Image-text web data
========

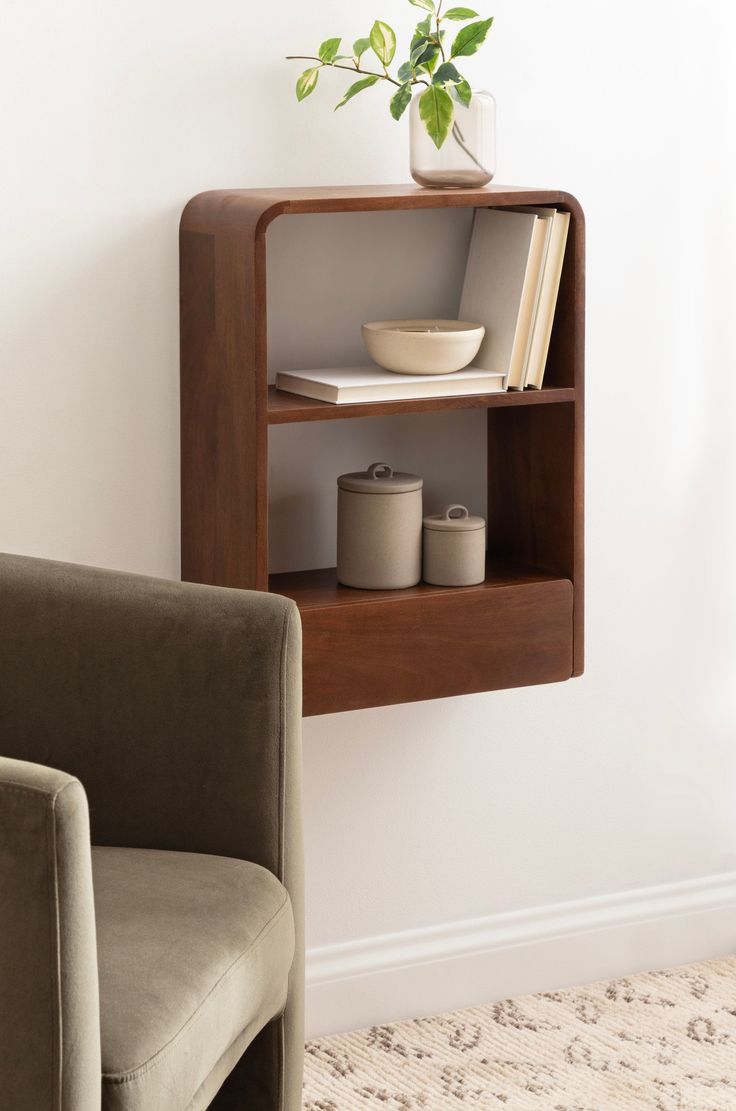 a book shelf with two books on it next to a chair and potted plant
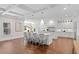 Gourmet kitchen with white cabinets, an expansive island with seating, and pendant lighting at 534 Ladrone Ave, Tampa, FL 33606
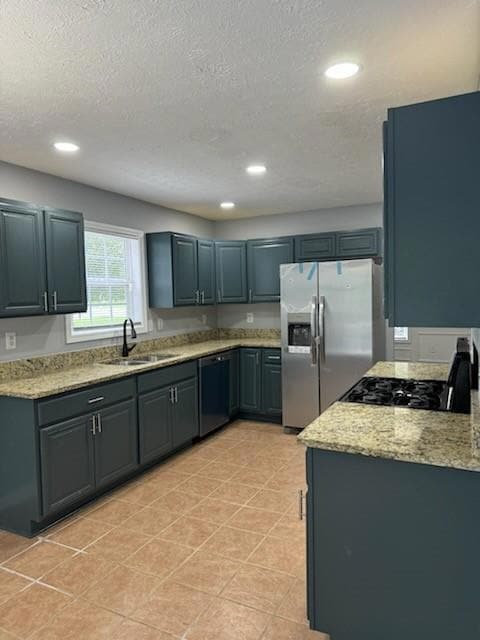 Kitchen with a sink, stainless steel fridge with i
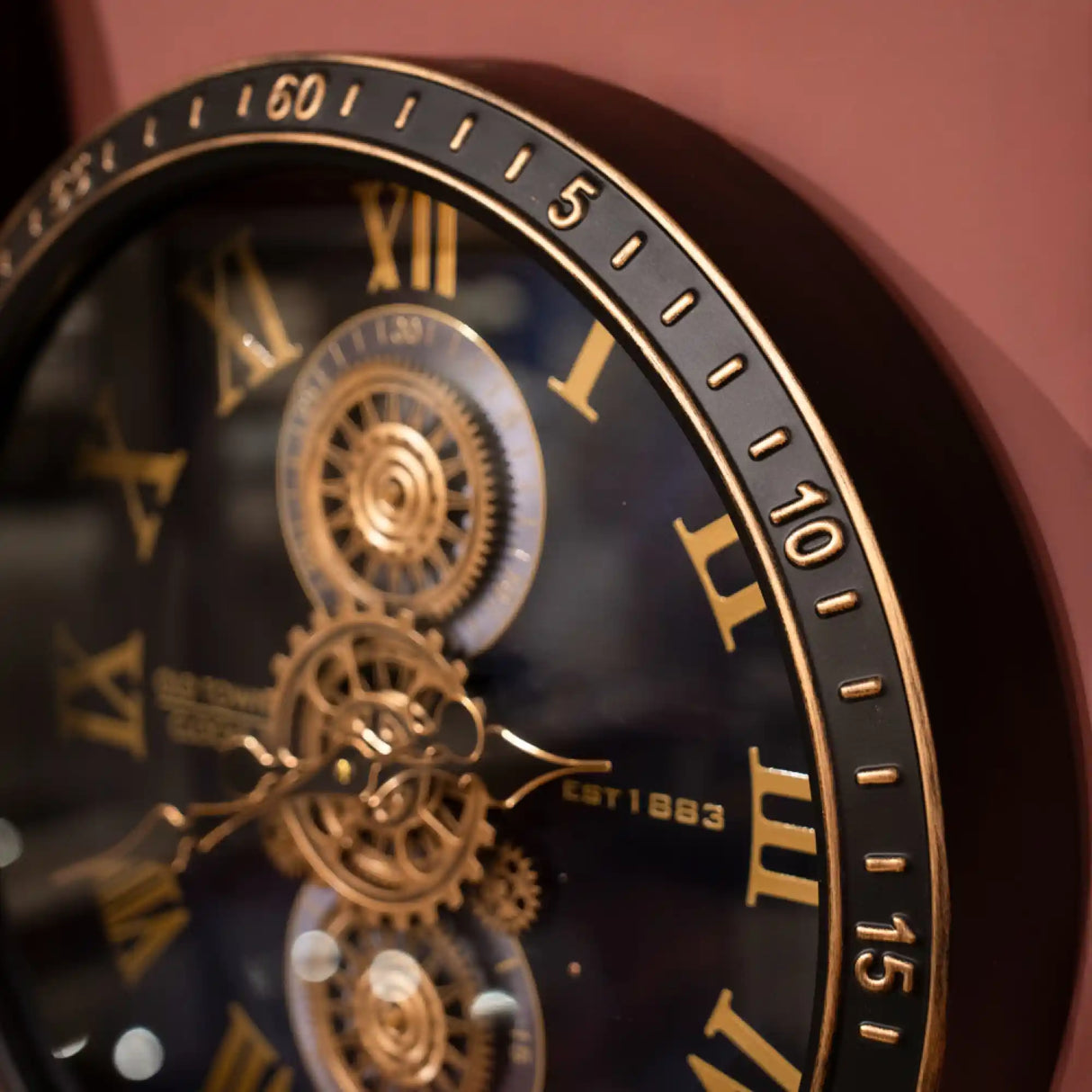 Tara Lane Old Town Gears Clock 50cm featuring black dial with gold Roman numerals, exposed brass gears and mechanical details against pink background
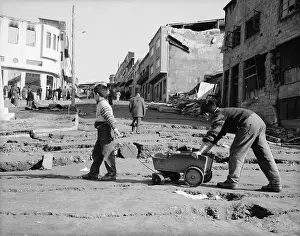Earthquake Prints: Boys Push Wagon Across Cracked Street
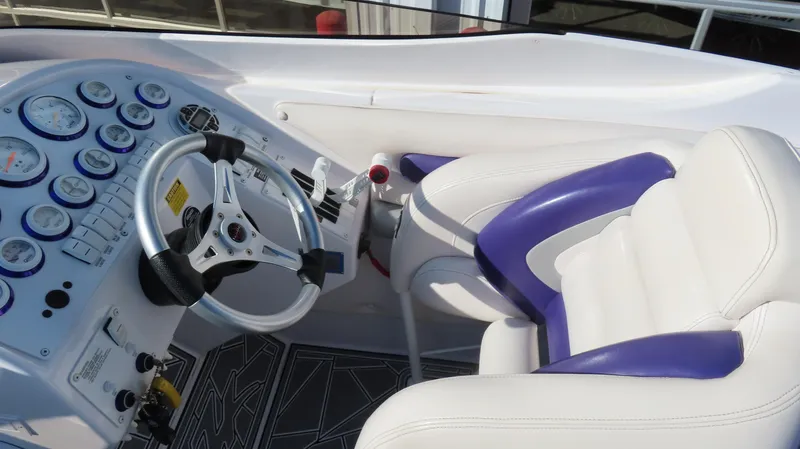 Slide: The Image of 2003 Donzi 28 ZX Open cockpit with gauges and white-purple seating. - 35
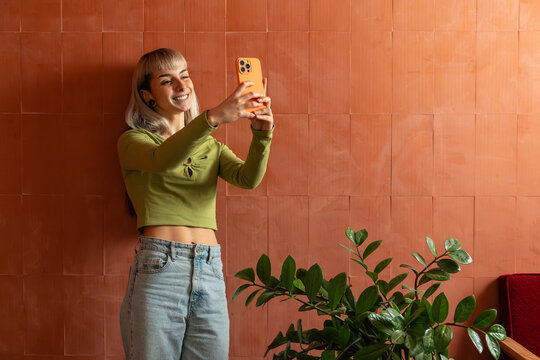 Smiling young woman taking smartphone selfie by wall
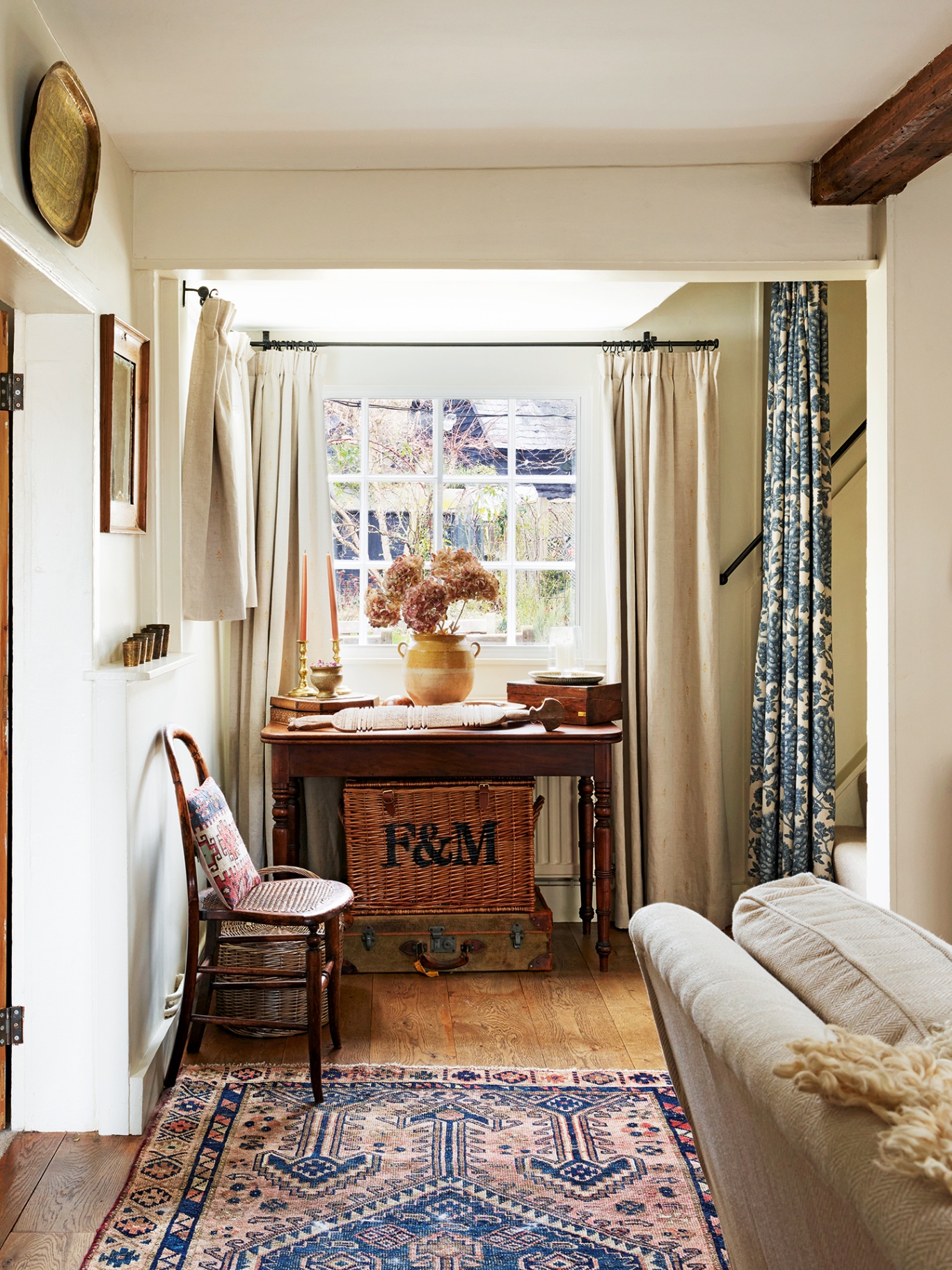 A console table with a F&M basket underneath sits in front of a window dressed with neutral curtains. On the table sits some flowers in a vase and collected objects. In front is a small cane chair and traditional patterned rug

========

Instructions to follow: Quote exactly, and only, the lines from the line containing "Earthquake Prints: Boys" through the final line of the records above, both included, omitting any pictures.

Answer space:
Earthquake Prints: Boys Push Wagon Across Cracked Street
 Slide: The Image of 2003 Donzi 28 ZX Open cockpit with gauges and white-purple seating. - 35
 Smiling young woman taking smartphone selfie by wall
 A console table with a F&M basket underneath sits in front of a window dressed with neutral curtains. On the table sits some flowers in a vase and collected objects. In front is a small cane chair and traditional patterned rug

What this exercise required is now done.